Wade Sheldon (GCE)
The GCE Data Toolbox for MATLAB was initially developed in 2000 to process, quality control and document environmental data collected at the then-new Georgia Coastal Ecosystems LTER site (Sheldon, 2001). Development of this software framework has continued steadily since then, adding graphical user interface dialogs (Sheldon, 2002), data indexing and search (Sheldon, 2005), web-based data mining (Sheldon, 2006; Sheldon, 2011b), dynamic QA/QC (Sheldon, 2008), and a growing suite of tools for automating data harvesting and publishing (Sheldon et al. 2013; Gries et al., 2013). We began distributing a compiled version of the toolbox to the public in 2002, and in 2010 we released the complete source code under an open source GPL license (Sheldon, 2011a). Today, the GCE Data Toolbox is used at multiple LTER sites and other research programs across the world for a wide variety of environmental data management tasks, and we are actively working to make it a more generalized tool for the scientific community (Chamblee et al., 2013).
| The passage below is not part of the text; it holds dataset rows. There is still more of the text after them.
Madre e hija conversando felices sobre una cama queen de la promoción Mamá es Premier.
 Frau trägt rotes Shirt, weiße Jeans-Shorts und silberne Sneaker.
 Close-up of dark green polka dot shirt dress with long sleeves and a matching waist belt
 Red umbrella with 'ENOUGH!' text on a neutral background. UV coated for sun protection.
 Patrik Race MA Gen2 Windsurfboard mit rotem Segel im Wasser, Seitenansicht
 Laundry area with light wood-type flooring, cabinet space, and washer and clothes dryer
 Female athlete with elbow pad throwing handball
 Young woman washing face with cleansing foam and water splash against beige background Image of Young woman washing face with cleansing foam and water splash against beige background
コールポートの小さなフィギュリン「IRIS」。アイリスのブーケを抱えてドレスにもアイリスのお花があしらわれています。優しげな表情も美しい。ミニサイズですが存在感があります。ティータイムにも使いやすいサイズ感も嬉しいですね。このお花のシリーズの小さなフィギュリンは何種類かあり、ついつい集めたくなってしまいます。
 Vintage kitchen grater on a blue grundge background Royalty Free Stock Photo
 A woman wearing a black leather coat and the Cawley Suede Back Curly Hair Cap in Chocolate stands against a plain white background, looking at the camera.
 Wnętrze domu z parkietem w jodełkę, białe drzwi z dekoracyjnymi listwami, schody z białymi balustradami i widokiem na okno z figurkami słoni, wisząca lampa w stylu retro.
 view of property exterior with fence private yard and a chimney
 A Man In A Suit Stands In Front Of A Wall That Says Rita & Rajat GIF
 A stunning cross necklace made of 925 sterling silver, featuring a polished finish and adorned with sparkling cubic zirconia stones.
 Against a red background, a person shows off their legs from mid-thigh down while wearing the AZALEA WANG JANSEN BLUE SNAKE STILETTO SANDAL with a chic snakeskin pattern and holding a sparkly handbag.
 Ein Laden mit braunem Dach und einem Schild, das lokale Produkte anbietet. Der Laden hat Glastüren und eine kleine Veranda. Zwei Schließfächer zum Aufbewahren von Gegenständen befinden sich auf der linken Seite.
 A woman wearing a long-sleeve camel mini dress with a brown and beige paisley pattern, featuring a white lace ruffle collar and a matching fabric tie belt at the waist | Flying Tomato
The toolbox can be leveraged in many ways, but it has proven particularly useful for designing automated data processing, quality control and synthesis workflows (Sheldon et al., 2013; Cary and Chamblee, 2013; Gries et al., 2013). Key factors include broad data format support, a flexible metadata templating system, dynamic rule-based QA/QC, automated metadata generation and metadata-based semantic processing (fig.1). Consequently, the GCE Data Toolbox was one of the technologies chosen for a 2012 LTER NIS workshop convened to test the PASTA Framework for running analytical workflows (see http://im.lternet.edu/im_practices/data_management/nis_workflows). The lack of built-in support for EML metadata proved to be a significant barrier to fully utilizing this toolbox for PASTA workflows during the workshop; however, complete EML support has since been implemented. This article describes how the GCE Data Toolbox can now be used as a complete workflow engine for PASTA and other EML-compatible frameworks.